## Work to be completed
Write the data out again exactly, with every picture removed.

(Information supplied Opens)

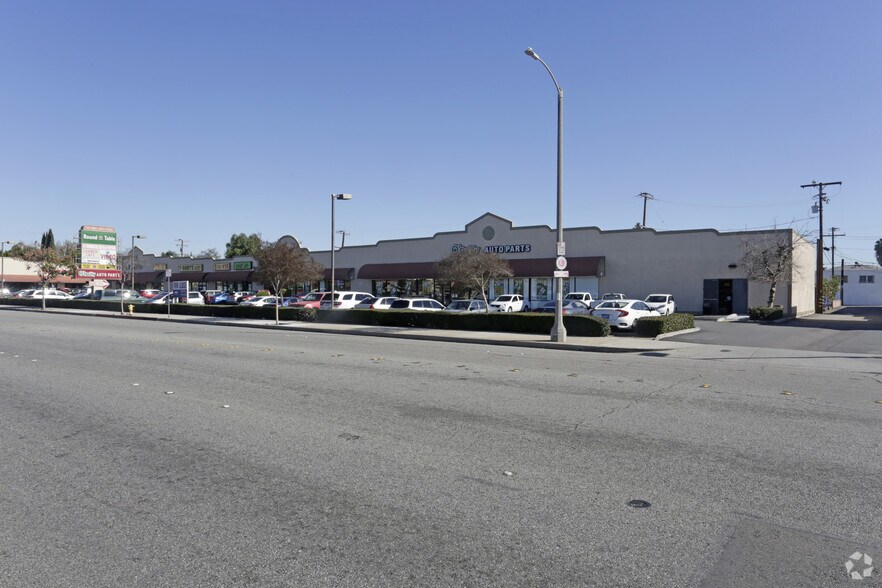 15700-15766 Bellflower Blvd, Bellflower, CA à louer - Photo du bâtiment - Image 2 de 2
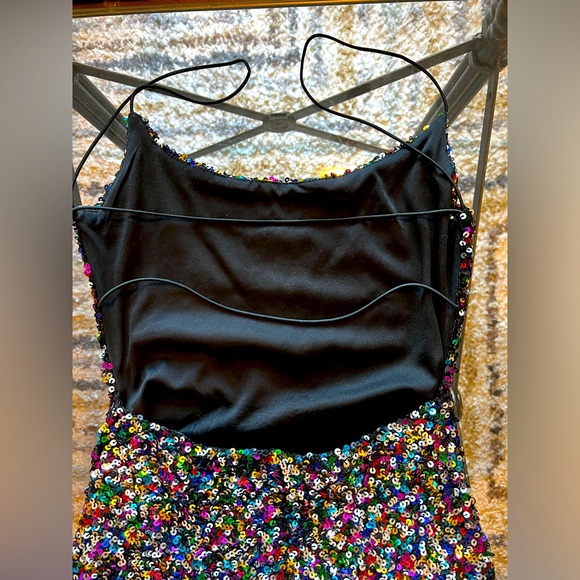 B. Darlin Multi Colored Sequin Stretch Bodycon Dress Size 7/8 - Picture 3 of 3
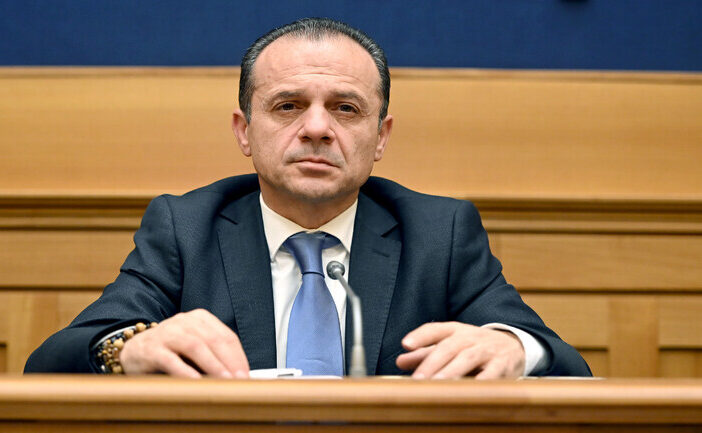 Auto su un gruppo di ragazzi a Taormina, il sindaco De Luca: “La movida violenta riguarda l’intero Paese, riflettere”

(Information supplied Closes)

## Output of the exercise
 15700-15766 Bellflower Blvd, Bellflower, CA à louer - Photo du bâtiment - Image 2 de 2
 B. Darlin Multi Colored Sequin Stretch Bodycon Dress Size 7/8 - Picture 3 of 3
 Auto su un gruppo di ragazzi a Taormina, il sindaco De Luca: “La movida violenta riguarda l’intero Paese, riflettere”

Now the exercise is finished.